Maybe the next big thing

Plastics was a thing in It's a Wonderful Life.

Plastics was a thing in The Graduate.

And for my generation, it was computers and the Internet. Just as jet engines and plastics led to world transformation, over the past 50 years, computers have fundamentally changed the way humans live and interact.

And just as plastics made many things in our world safer (okay there are also huge safety costs associated with plastics) and created entirely new categories of products, computers have fundamentally changed how humans communicate and go about their days.

And both plastics and computers have or are plateauing in terms of social impact and fostering social change... the change in how we are humans collectively and individually.

mRNA

As a response to COVID-19, the world adopted the first mRNA based vaccines.

The "messenger ribonucleic acid" is a set of instructions that, when delivered to cells, tells the cell produce a particular sequence of proteins. Those proteins "fold" into a three dimensional shape. These 3D protein shapes train the immune system to attack.

By splicing the DNA sequence of the COVID-19 virus into the piece that describes the "spike protein" on the surface of the virus, we train the body's immune system to target things that have that shape.

And, when the body's immune system sees stuff with those spike proteins attached, the body mounts an immune response that reduces the virus production and spread within the body.

The mRNA COVID vaccines have been both effective and safe00054-8/fulltext).

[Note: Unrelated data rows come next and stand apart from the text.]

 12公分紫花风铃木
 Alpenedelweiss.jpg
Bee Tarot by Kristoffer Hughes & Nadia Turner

The remarkable success of the mRNA vaccines against COVID has led to the exploration of mRNA vaccines for HIV, cancer, and the flu.

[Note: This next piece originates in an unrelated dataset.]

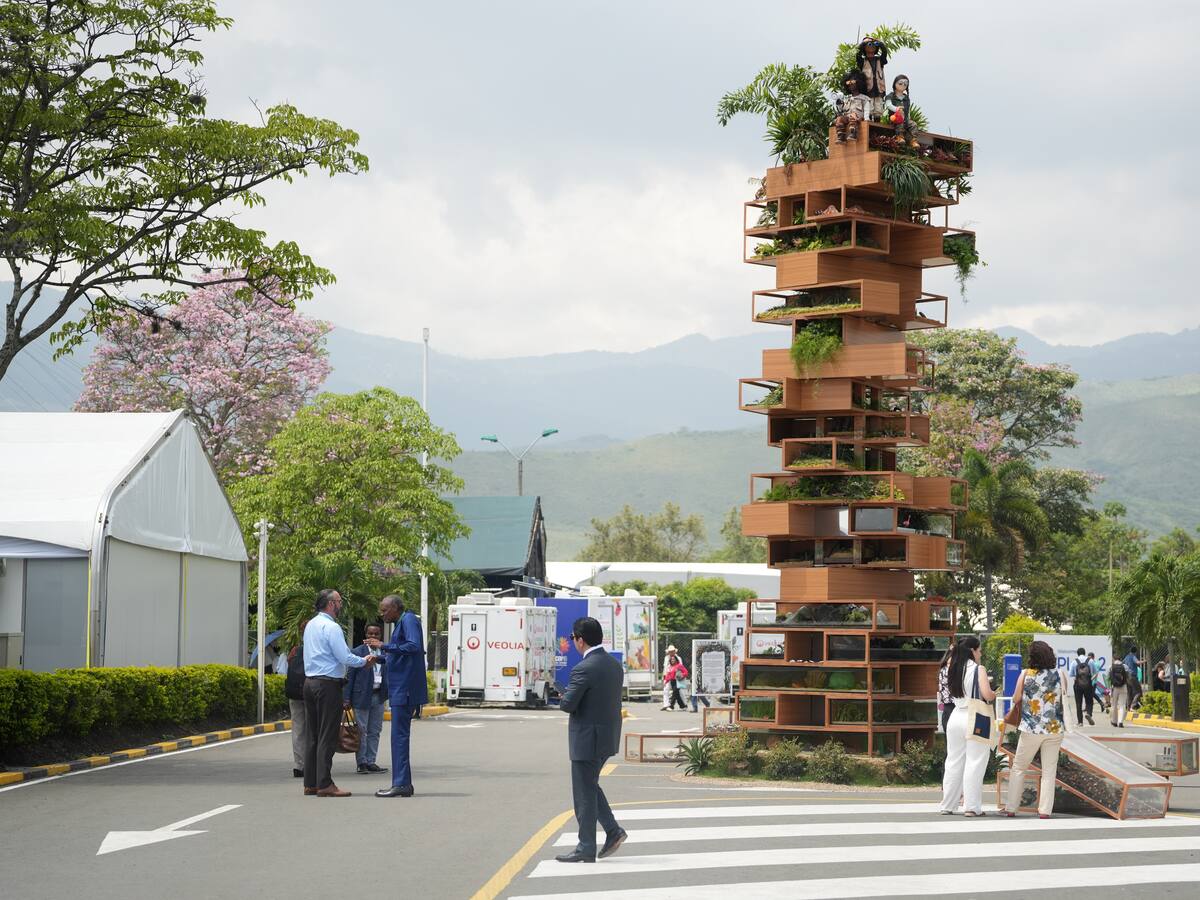 Más de 900 mil visitantes impulsaron el ecoturismo y la economía de Cali en la COP16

Manufacturing and transportation of mRNA vaccines

Manufacturing mRNA vaccines is relatively easy.

mRNA has the potential to be a rapid and flexible vaccine platform; vaccine development can now focus on process development, rather than being a scientific challenge. Companies can design mRNA vaccines relatively quickly once they know the genetic sequence of the pathogen. To ensure this therapeutic approach reaches its full potential, however, innovative solutions, expertise and ingenuity will need to coalesce to establish a simple and robust platform at production scale.

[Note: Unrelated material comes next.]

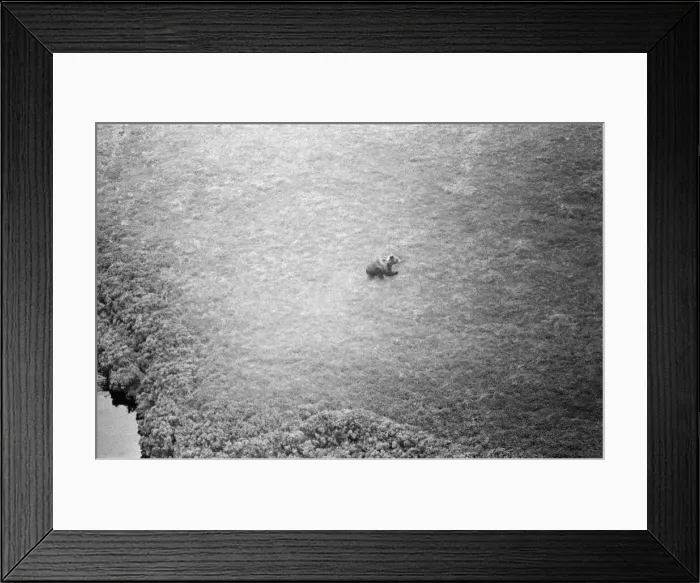 Framed Print : Hercules The Bear, tracked down and captured on the waste moorlands of North Uist Framed Print : Hercules The Bear, tracked down and captured on the waste moorlands of North Uist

However, mRNA vaccines must be temperature controlled during transportation and storage.

This moves mRNA from science to engineering.

Locally 3D printing mRNA sequences

CureVac produces a 3D mRNA printer and the use is discussed in Nature.

Just as mainframe computers took up rooms and we now carry billions of times more powerful devices in our pockets, miniaturizing an mRNA printer seems possible.

Once we have reasonably sized and priced mRNA printers, every Walgreens and CVS could have one... and vaccines could be printed on-demand, while we wait.

I expect that the minicomputerizing of mRNA printers will be a robust area for investment.

Computational Biology

To date, the mRNA work has taken DNA from the target pathogen and sliced off the sequence that makes a target for the vaccine such that the body produces the target protein sequence.

There is no need to figure out the protein folding for an mRNA sequence because nature already did that for us.

But if we have a 3D protein structure without the DNA that describes the structure, can we reverse engineer the mRNA sequence?

And why would we want to do this?

Imagine if, as a normal part of a biopsy, the 3D structure of the biopsied materials was obtained... maybe with an electron microscope, maybe in some other manner.

With that structure, could we build an mRNA sequence that would replicate a unique part of the structure such that we can train the body to attack cells with that structure, even if the broader parts of the cell mask the deviant cell from the body's immune system.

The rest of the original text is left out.